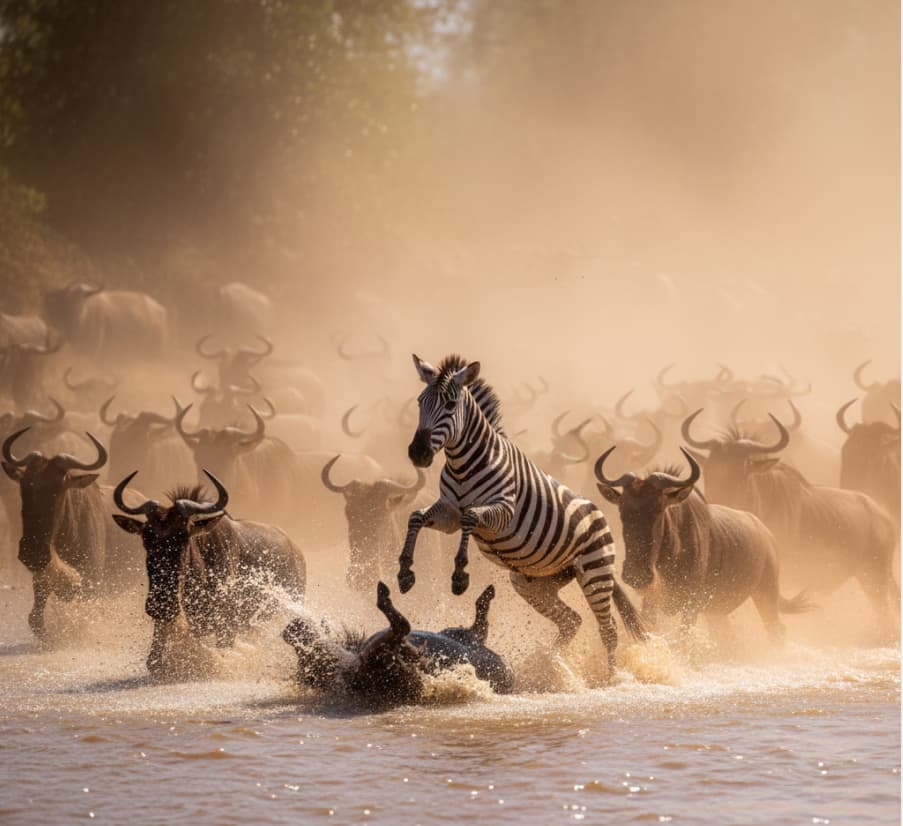 A dramatic migration of wildebeest during a Great Migration river crossing in the Masai Mara, witnessed by tourists on a Kenya safari.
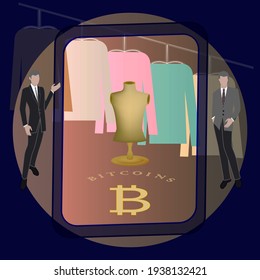 Two male mannequins, tablet, showcase of a clothing store, bitcoin symbol - illustration, art, vector. Online shopping. Cryptocurrency payments
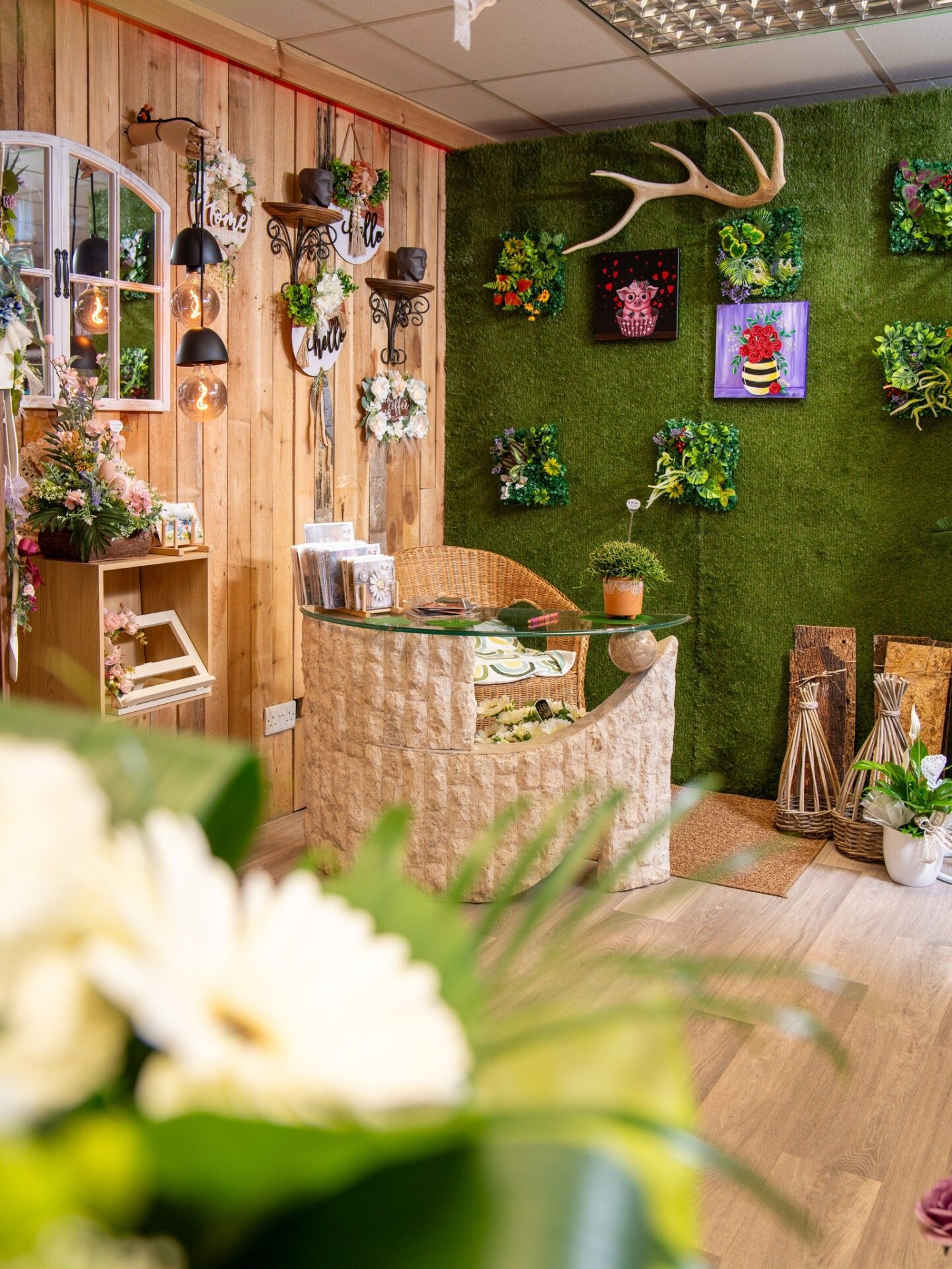 Inside Great Victoria Blossoms flower shop on Great Victoria Street, Belfast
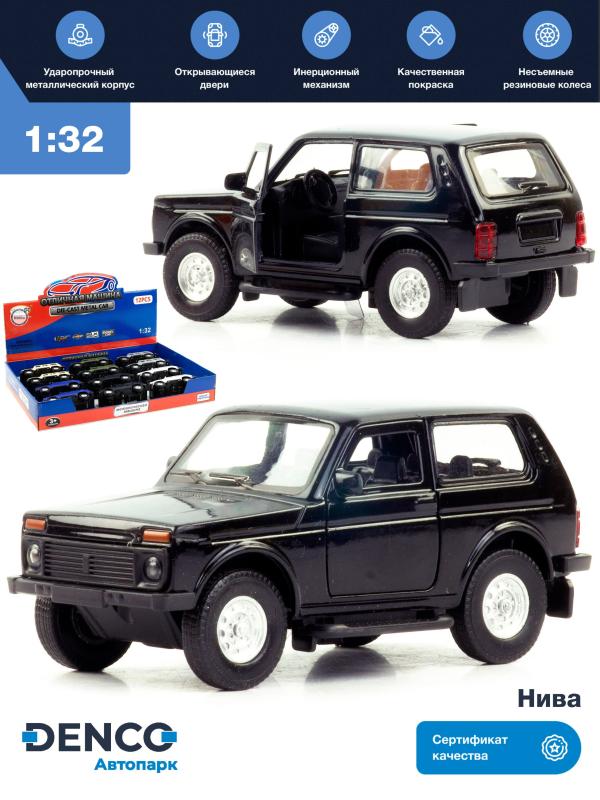 Металлическая машинка 1:32 «Нива» А181-182D свет и звук, инерционная / Черный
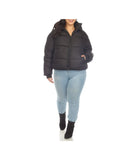 Plus Size Full Front Zip Hooded Bomber Puffer Coat Black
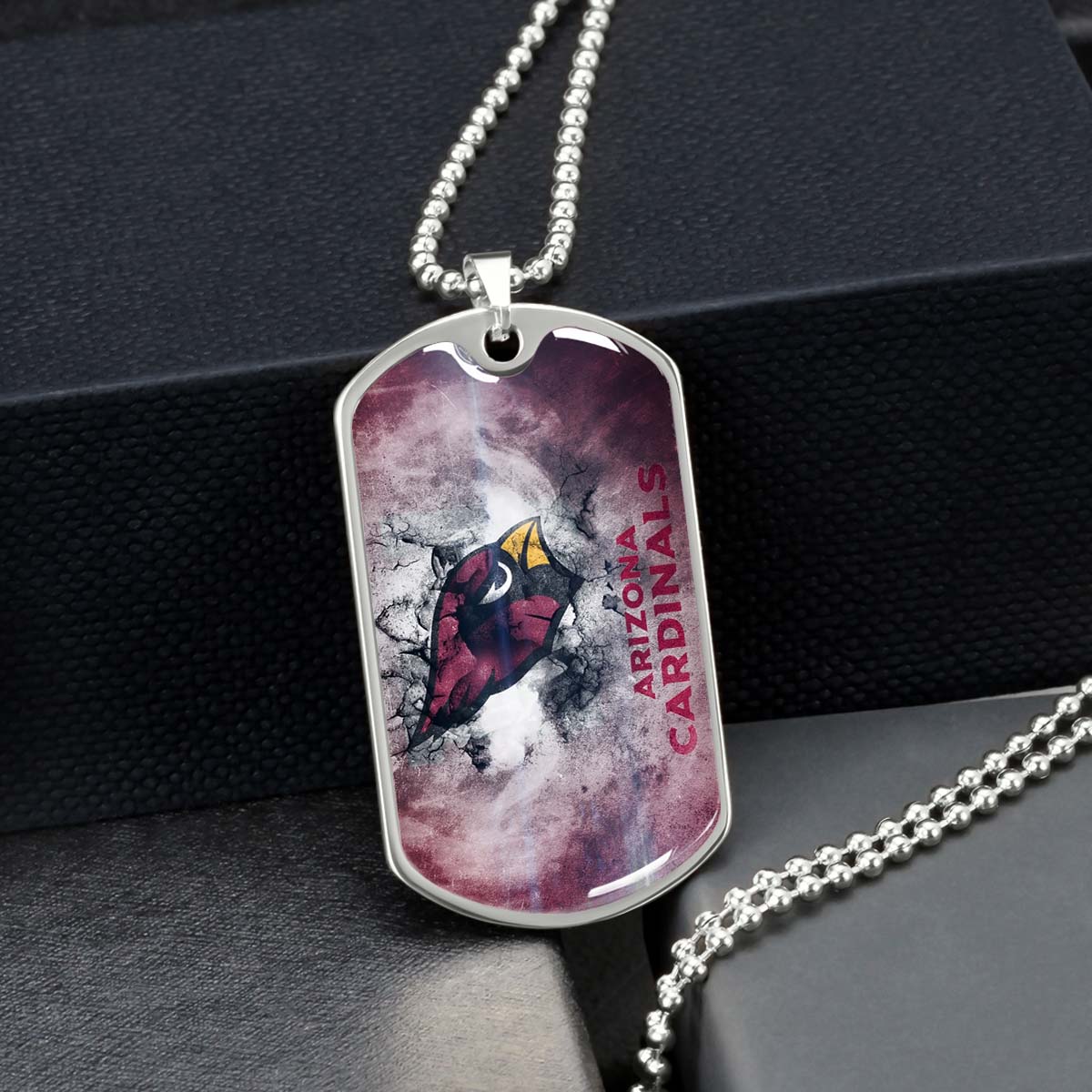 American Football Dog Tag Necklace - AFD052 - Arizona Cardinals - NFL Teams - Military Ball Chain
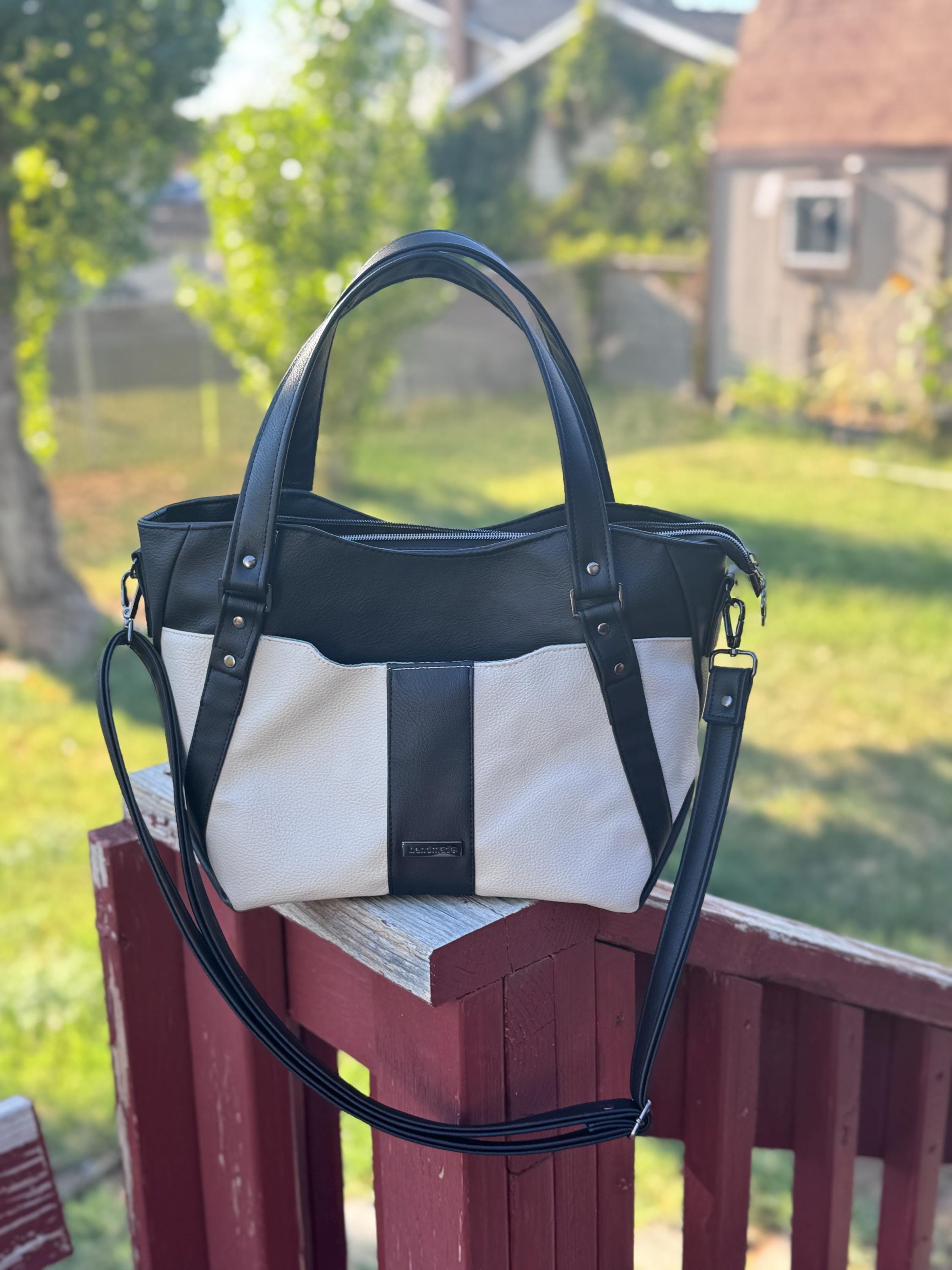 Hiraeth Handbag – Black & Cream Faux Leather Purse with Crossbody and Shoulder Strap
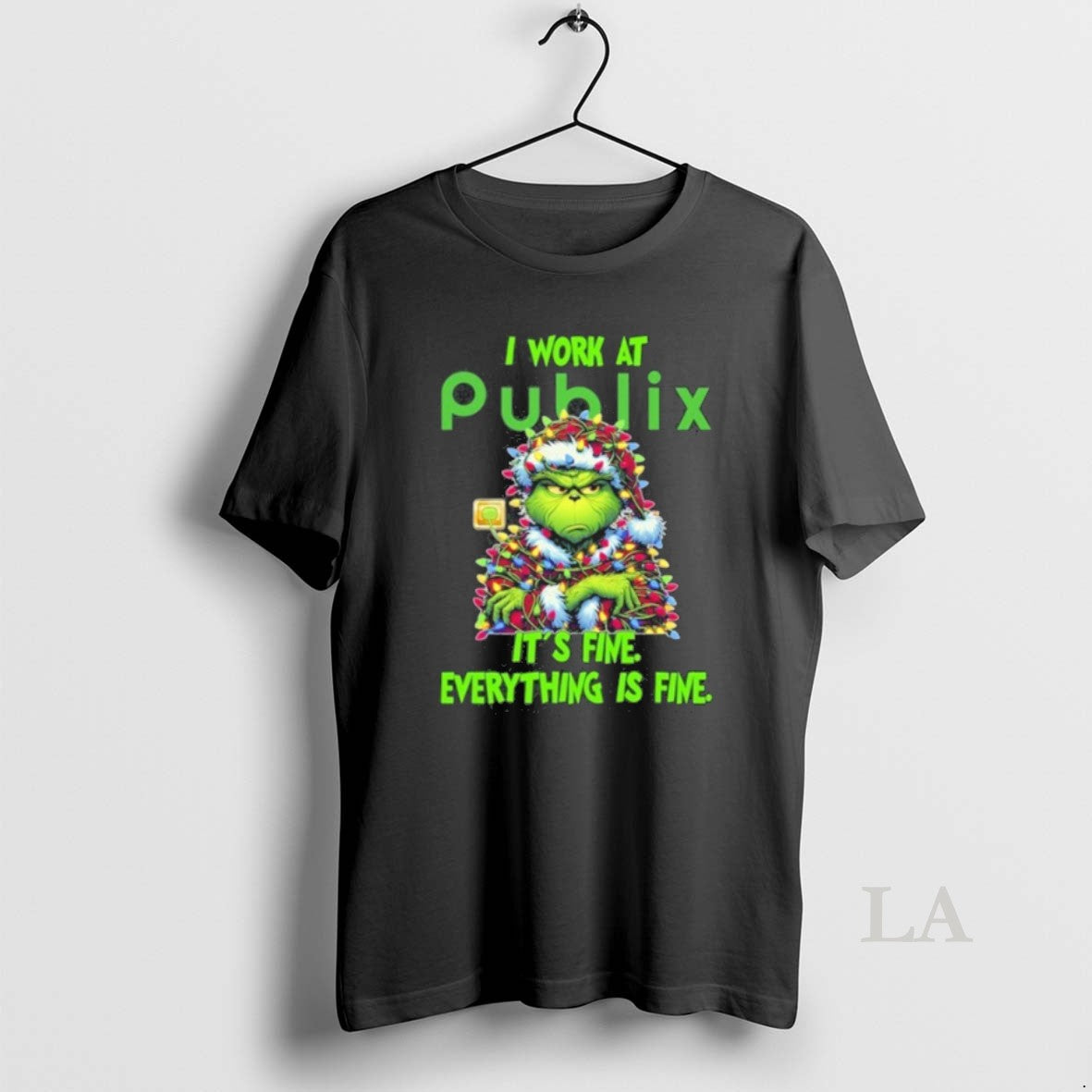 Original Santa Grinch Light I Work At Publix Logo Its Fine Everything Is Fine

━━━━━━

Activity | Could you copy the listing above exactly, without its pictures?

Task result |
 A dramatic migration of wildebeest during a Great Migration river crossing in the Masai Mara, witnessed by tourists on a Kenya safari.
 Two male mannequins, tablet, showcase of a clothing store, bitcoin symbol - illustration, art, vector. Online shopping. Cryptocurrency payments
 Inside Great Victoria Blossoms flower shop on Great Victoria Street, Belfast
 Металлическая машинка 1:32 «Нива» А181-182D свет и звук, инерционная / Черный
 Plus Size Full Front Zip Hooded Bomber Puffer Coat Black
 American Football Dog Tag Necklace - AFD052 - Arizona Cardinals - NFL Teams - Military Ball Chain
 Hiraeth Handbag – Black & Cream Faux Leather Purse with Crossbody and Shoulder Strap
 Original Santa Grinch Light I Work At Publix Logo Its Fine Everything Is Fine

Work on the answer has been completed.